Weary British voters have just wrapped up the third general election in four years, and it’s turned out to be a stunning victory for the Conservative Party and its leader Boris Johnson. On the other hand Labour leader Jeremy Corbyn — who achieved Bernie Sanders’s dream of taking over a center-left party and turning it socialist — has been crushingly rejected by the electorate.
- Jeremy Corbyn has been a Labour MP since 1983, and he spent most of that time as a notorious far-left radical who was never allowed anywhere near government even when his party was in power.
- That changed in the 2015 Labour leadership contest when he was added to the ballot as a token left-wing candidate that nobody expected to win. Unfortunately, Corbyn was able to convince many young members, who couldn’t remember what socialism had done to Europe, that it was the way ahead. He was elected as leader and fended off two challenges from his own MPs thanks to huge grassroots support from new members who flooded into the party.
- Most people expected Corbyn to crash and burn at the 2017 general election, but the lackluster performance of incompetent Conservative leader Theresa May allowed the self-confessed Marxist to do surprisingly well. He didn’t win, but denied May an overall majority and was able to block all progress for the next two years.
- Corbyn developed a Stalinist cult of personality among his followers, with chants of “Oh Jeremy Corbyn” routine at rallies and meetings. His opponents derisively called him “Magic Grandpa.” The magic wore off Thursday night.
- With results from 649 of 650 seats counted, the Conservative Party had won 364 of them; Labour had only 203. That gives Johnson a solid overall majority of 76 — and ends Corbyn’s dream of turning the UK into a socialist state.

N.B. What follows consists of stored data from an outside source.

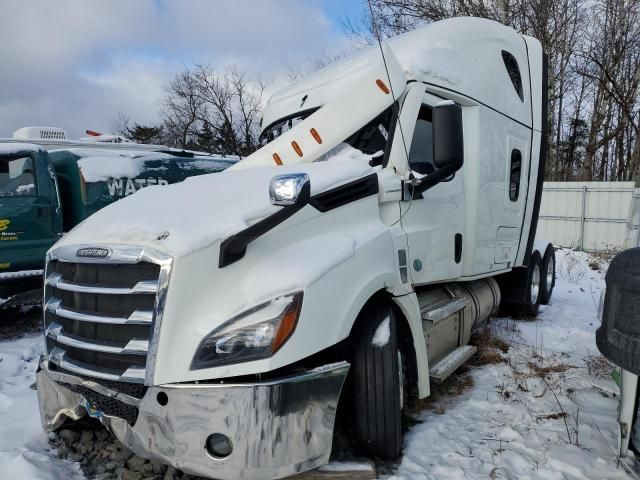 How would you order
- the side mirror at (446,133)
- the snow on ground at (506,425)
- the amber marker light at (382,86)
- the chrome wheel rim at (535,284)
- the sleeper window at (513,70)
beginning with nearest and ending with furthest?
1. the snow on ground at (506,425)
2. the side mirror at (446,133)
3. the amber marker light at (382,86)
4. the sleeper window at (513,70)
5. the chrome wheel rim at (535,284)


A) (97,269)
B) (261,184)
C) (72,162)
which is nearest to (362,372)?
(261,184)

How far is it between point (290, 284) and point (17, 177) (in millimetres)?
5823

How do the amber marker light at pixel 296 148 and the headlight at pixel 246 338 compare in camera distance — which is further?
the amber marker light at pixel 296 148

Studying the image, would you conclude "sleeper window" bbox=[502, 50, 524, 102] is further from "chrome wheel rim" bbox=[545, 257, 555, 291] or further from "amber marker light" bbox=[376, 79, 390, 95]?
"chrome wheel rim" bbox=[545, 257, 555, 291]

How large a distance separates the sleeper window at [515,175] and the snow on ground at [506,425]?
166 cm

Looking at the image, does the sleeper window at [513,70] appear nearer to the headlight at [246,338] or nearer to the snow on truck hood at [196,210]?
the snow on truck hood at [196,210]

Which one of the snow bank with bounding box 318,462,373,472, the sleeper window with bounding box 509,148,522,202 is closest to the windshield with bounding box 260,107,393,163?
the snow bank with bounding box 318,462,373,472

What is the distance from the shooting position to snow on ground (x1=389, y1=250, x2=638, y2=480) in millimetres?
3006

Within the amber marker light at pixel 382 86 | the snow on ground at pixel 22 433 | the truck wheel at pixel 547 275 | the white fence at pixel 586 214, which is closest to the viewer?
the snow on ground at pixel 22 433

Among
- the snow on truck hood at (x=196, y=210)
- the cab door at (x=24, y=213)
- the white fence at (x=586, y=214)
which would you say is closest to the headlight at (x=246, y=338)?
the snow on truck hood at (x=196, y=210)

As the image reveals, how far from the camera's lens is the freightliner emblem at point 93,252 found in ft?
8.34

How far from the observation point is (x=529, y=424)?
3609 millimetres

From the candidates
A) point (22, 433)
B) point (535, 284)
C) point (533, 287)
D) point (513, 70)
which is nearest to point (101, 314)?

- He won’t try again. Just after 2 am Friday, Corbyn announced: “I want to make it clear that I will not lead the party in any future general election campaign.” He hasn’t said exactly when he plans to quit, and it’s likely he’ll try to hold on for a few months to arrange a succession by one of his inner circle, but socialism has been firmly rejected in the UK. And if Bernie Sanders gets the Democrat nomination the same will happen to him.